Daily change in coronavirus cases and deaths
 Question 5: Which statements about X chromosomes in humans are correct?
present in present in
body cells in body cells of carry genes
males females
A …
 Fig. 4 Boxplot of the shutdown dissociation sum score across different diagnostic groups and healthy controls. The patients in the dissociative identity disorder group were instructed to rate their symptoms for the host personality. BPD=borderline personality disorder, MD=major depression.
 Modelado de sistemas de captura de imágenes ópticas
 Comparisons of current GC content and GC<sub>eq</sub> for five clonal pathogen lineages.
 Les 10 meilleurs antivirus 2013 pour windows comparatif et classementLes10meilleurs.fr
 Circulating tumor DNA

Task brief: A faithful copy of the lines from the line containing "Comparisons of current" to the end of the data should be set down, both ends included, and nothing more.

Response:
 Comparisons of current GC content and GC<sub>eq</sub> for five clonal pathogen lineages.
 Les 10 meilleurs antivirus 2013 pour windows comparatif et classementLes10meilleurs.fr
 Circulating tumor DNA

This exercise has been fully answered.